近年、急成長を続けるDtoC市場。「DtoCでどのように売り上げを伸ばせるのか」「どんな施策を打ったら良いのか」といった疑問や悩みについて、「b→dash」を提供するデータXの江波戸水紀氏が解説した。
DtoCは事業者と顧客双方にとって魅力的なビジネスモデル
DtoCの市場規模は右肩上がりに成長している。売れるネット広告社が実施した調査によると、2025年に国内DtoCの市場規模は3兆円を超えると予測する。拡大の理由は、事業者と顧客の双方にとって非常に魅力的なビジネスモデルだからだという。
従来型の小売業とDtoCモデルの違い
メーカー系小売企業にとって、DtoCのメリットは、売り上げの最大化、中間マージンの削減などがあげられる。一般的なメーカー系企業であれば、卸売業者や小売業者へ商品を卸すため、卸売価格での販売となる。DtoCであれば、直接消費者に販売できるため、いわゆる中間マージンを削減し、売り上げを最大化できる。

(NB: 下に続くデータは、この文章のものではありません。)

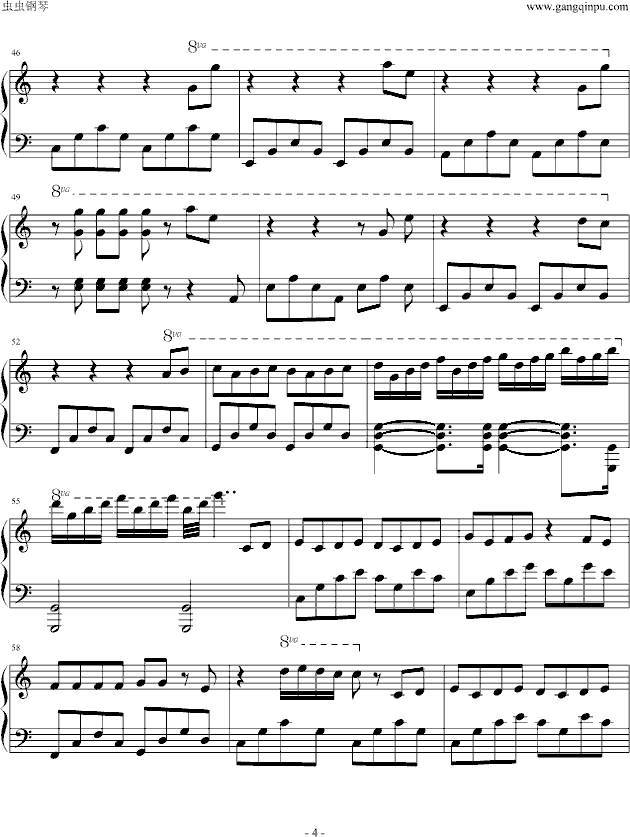 喜悦的泪珠（改编）钢琴曲谱（图4）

また、ECモールや実店舗で販売する場合、出店費用やアローワンスなどのコストがかかるが、DtoCモデルは自社でECを立ち上げれば、消費者に直接販売するため中間マージンなどは発生しない。コストを削減できる分、販売価格を下げることも可能だ。その結果、顧客は最適な価格で商品を購入できるようになる。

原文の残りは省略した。